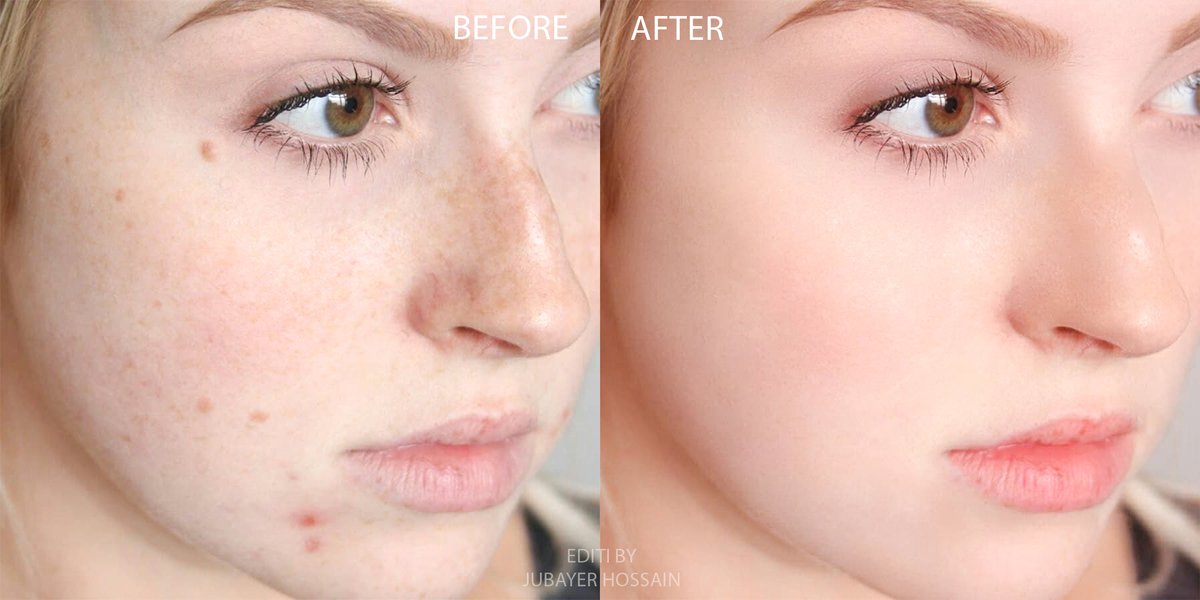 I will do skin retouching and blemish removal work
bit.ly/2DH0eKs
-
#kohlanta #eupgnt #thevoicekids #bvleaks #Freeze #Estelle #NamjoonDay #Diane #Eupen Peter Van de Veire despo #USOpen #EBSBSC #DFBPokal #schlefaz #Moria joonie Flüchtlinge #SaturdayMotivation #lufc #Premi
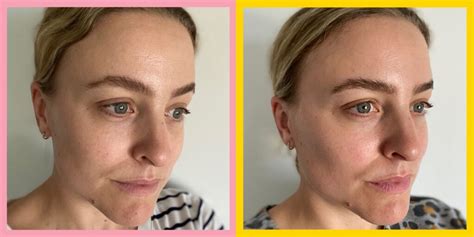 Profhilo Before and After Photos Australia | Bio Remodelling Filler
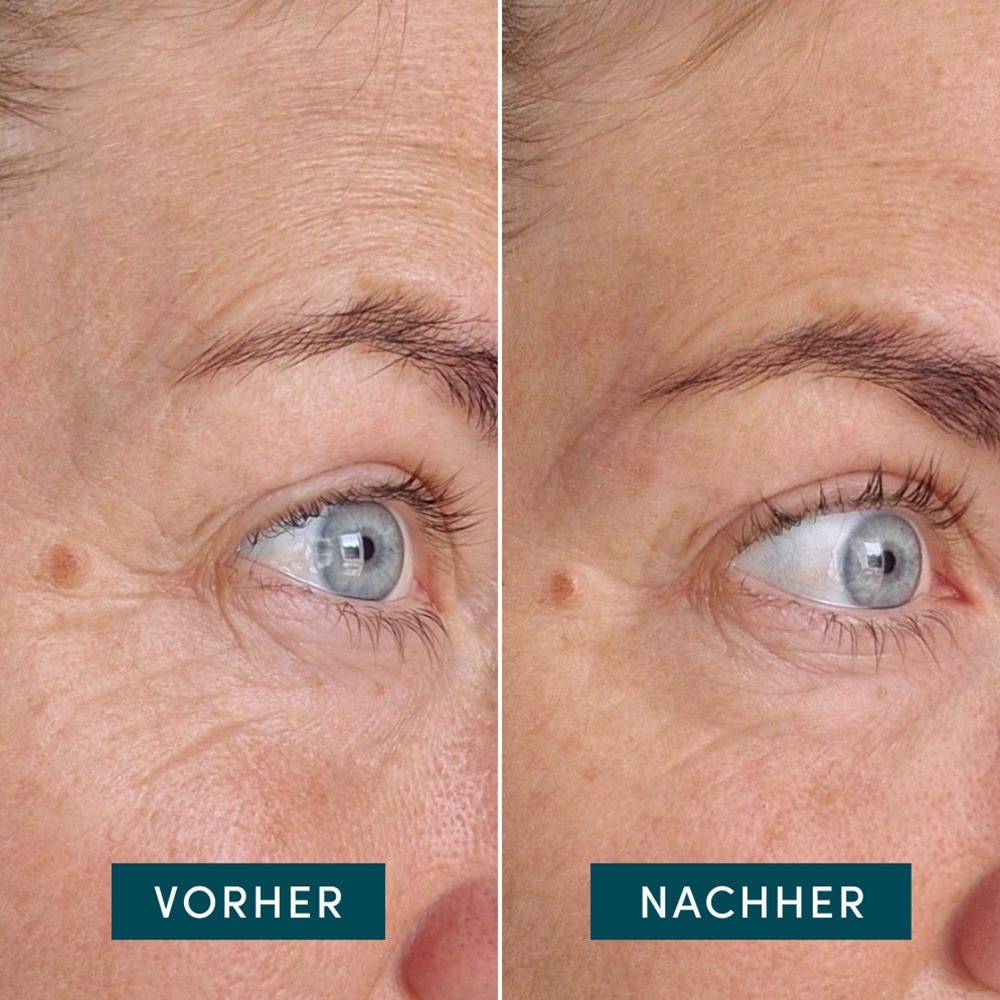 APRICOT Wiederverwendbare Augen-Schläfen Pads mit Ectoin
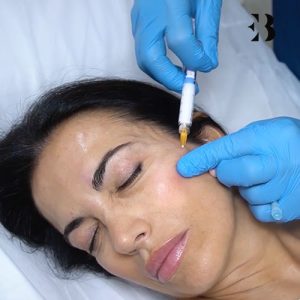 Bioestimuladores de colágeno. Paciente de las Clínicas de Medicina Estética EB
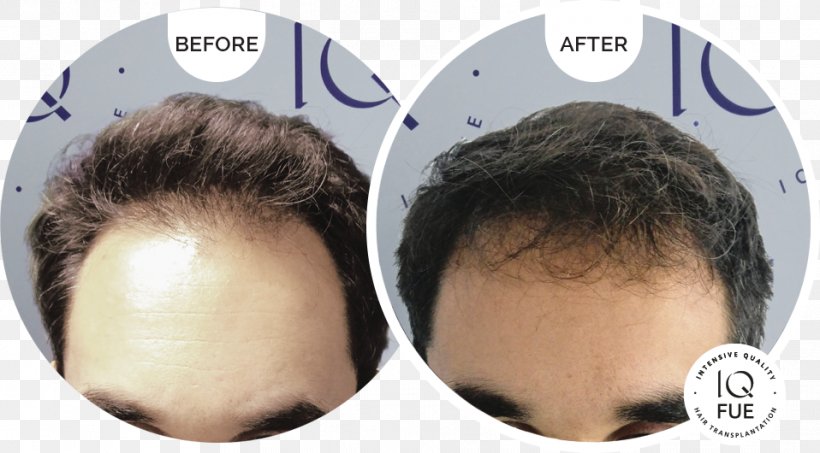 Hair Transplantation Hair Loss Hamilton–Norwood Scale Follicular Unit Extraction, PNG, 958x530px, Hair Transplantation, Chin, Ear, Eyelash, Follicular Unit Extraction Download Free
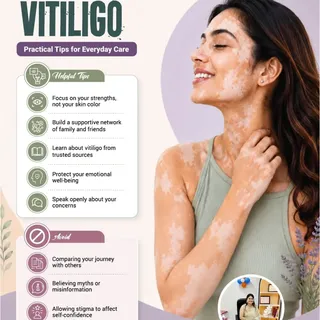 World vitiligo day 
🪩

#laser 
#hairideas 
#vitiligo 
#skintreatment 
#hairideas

• **TASK TO CARRY OUT**: When you write out the material again, keep every word exact and omit the pictures.

• **EXERCISE OUTPUT**:
 I will do skin retouching and blemish removal work
bit.ly/2DH0eKs
-
#kohlanta #eupgnt #thevoicekids #bvleaks #Freeze #Estelle #NamjoonDay #Diane #Eupen Peter Van de Veire despo #USOpen #EBSBSC #DFBPokal #schlefaz #Moria joonie Flüchtlinge #SaturdayMotivation #lufc #Premi
 Profhilo Before and After Photos Australia | Bio Remodelling Filler
 APRICOT Wiederverwendbare Augen-Schläfen Pads mit Ectoin
 Bioestimuladores de colágeno. Paciente de las Clínicas de Medicina Estética EB
 Hair Transplantation Hair Loss Hamilton–Norwood Scale Follicular Unit Extraction, PNG, 958x530px, Hair Transplantation, Chin, Ear, Eyelash, Follicular Unit Extraction Download Free
 World vitiligo day 
🪩

#laser 
#hairideas 
#vitiligo 
#skintreatment 
#hairideas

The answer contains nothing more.